The probe was pushed down into the ground using a 36 mm steel probing rod. The inner diameter of the rod was 16 mm, resulting in a cut-off frequency of around 11 GHz (the cut-off frequency of circular waveguide is inversely proportional to the radius). For this reason, a working frequency of 12.5 GHz was chosen. Depending on the dimensions and shape of the probing rod different frequencies in the microwave range can be preferred, and it is envisaged that different frequencies may be used in the future. Also, it may be convenient to choose a frequency that does not require the end user to acquire a permission from the authorities. Presently, examples of such frequencies are in the bands around 5.6 GHz, 24 GHz, 47 GHz and 76 GHz.

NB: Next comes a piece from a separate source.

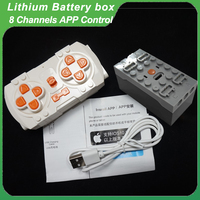 Technical 2.4G Bluetooth Lithium Battery Power Pack APP Module  MOC Building Blocks Power Functions 8878 13100 for Motor Toy Car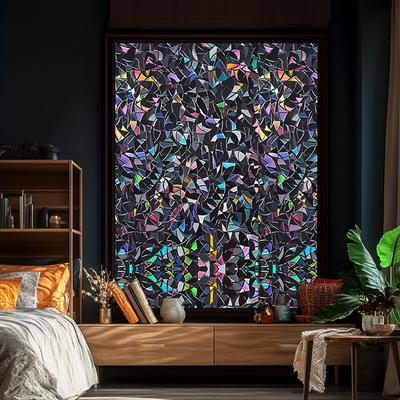 TEMU 1 Roll Vintage Style Pvc Blackout Window Film, Thickness, Static Cling Mounting, Privacy & Uv Protection, Stained Glass Effect, Non-adhesive Thermal Insulation For Home & Bathroom Decor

It should also be noted that it is not always advantageous to use the first node of the wave for transmission. As the damping may vary for different nodes, there is no linear relationship between damping and frequency.

The power of the transmitter was less than 10 mW, and it was powered by six standard batteries, normally used for driving an acoustic transmitter.

The working depth, i.e. the depth at which the system will provide satisfactory signal quality, is dependent primarily on the damping of the steel rod waveguide and the dynamics of the receiver. Due to corrosion and irregularities of the inner surface of the rod 3, leading to impaired surface conductivity, damping in the tested frequency range is relatively high, in the order of several dB/m.

However, it is believed that the damping can be reduced using very simple measures, such as coating of the inner surface of the probing rod, for example with silver. Another important factor are the junctions between rod sections. They form a discontinuity in the waveguide, and may cause resonance and act as a filter, seriously impairing the performance of the waveguide. By redesigning the linking of the rod section, reduced damping may be obtained. Finally, it is possible that a significantly increased frequency (in the order of several hundred GHz) can improve the performance of the waveguide, as the effect of surface conductivity looses relative importance.

The bit rate capacity of the tested data transmission around 9600 baud, due to the conventional circuitry used in the probe and data acquisitioning device. However, it is estimated that transmission rates of at least 10 Mbit/s can be obtained, offering a significant improvement in data transmission capacity.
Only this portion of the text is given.